J’étais devenu autre que je n’avais été, ni plus ni moins : autre. Cet « autre », je l’incorporais, littéralement : de par ma chair, mes sensations, j’étais Cynthia. Cynthia, tout en restant autre que moi, par son corps, était moi. Tous deux nous étions transformés, tous deux nous cherchions à nous unir avec un corps qui nous était familier pour avoir été le nôtre.
Nos corps, « épris d’un seul désir, reprirent leur commerce », comme le dit Le Poète, et bientôt commença un amour qui allait s’intensifiant par la continuelle multiplication des plaisirs.

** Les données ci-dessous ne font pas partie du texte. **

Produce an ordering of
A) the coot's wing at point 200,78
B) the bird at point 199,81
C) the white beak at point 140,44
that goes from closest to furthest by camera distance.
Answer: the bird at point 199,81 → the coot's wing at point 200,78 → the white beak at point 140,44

Comment vous l’expliquer ? De temps en temps, nous nous reposions ; après avoir mangé et bu ce qu’un groom nous avait apporté, j’allais m’asseoir devant le miroir. Je savais, en voyant ma main droite aux doigts longs, effilés qui remuait dans la trousse de toilette de Cynthia, prenait la brosse à cheveux et la portait à mes cheveux, en sentant mon autre main qui machinalement se levait, se posait sur ma tempe gauche, de là s’avançait vers mes cheveux, les rassemblait et les tirait en arrière sur ma nuque, d’un seul geste sec et brutal, puis, avec un doigté incroyable, après les avoir séparés et lissés et à nouveau rassemblés, les relevait en chignon, en écoutant le son dru que faisait la brosse qui passait dans mes cheveux (c’était là l’autre main, ma nouvelle main droite, experte, qui faisait ce travail, avec précision, sans la moindre hésitation), en entendant la chaise qui bougeait (je la reculais et cherchais, dans la pénombre, en rapprochant mon visage du miroir, à voir « de quoi j’avais l’air », « si j’étais présentable »), que j’avais emprunté les gestes et habitudes associés au corps de Cynthia.
J’agissais comme elle. Cependant, mentalement, je ne cessais d’être Céphalos. Le corps de Cynthia, que j’avais auparavant adoré et caressé, continuait à être un objet de vénération. Mais celui qui maintenant l’adorait et donc s’approchait de moi, celui qui posait sa main sur mes épaules, caressait mon cou, me parlait sur un ton remarquablement doux, presque mielleux et d’ailleurs trop condescendant à mon goût (ce qui, je l’avoue, m’agaçait) – cet homme était l’exacte copie de ce que j’avais été.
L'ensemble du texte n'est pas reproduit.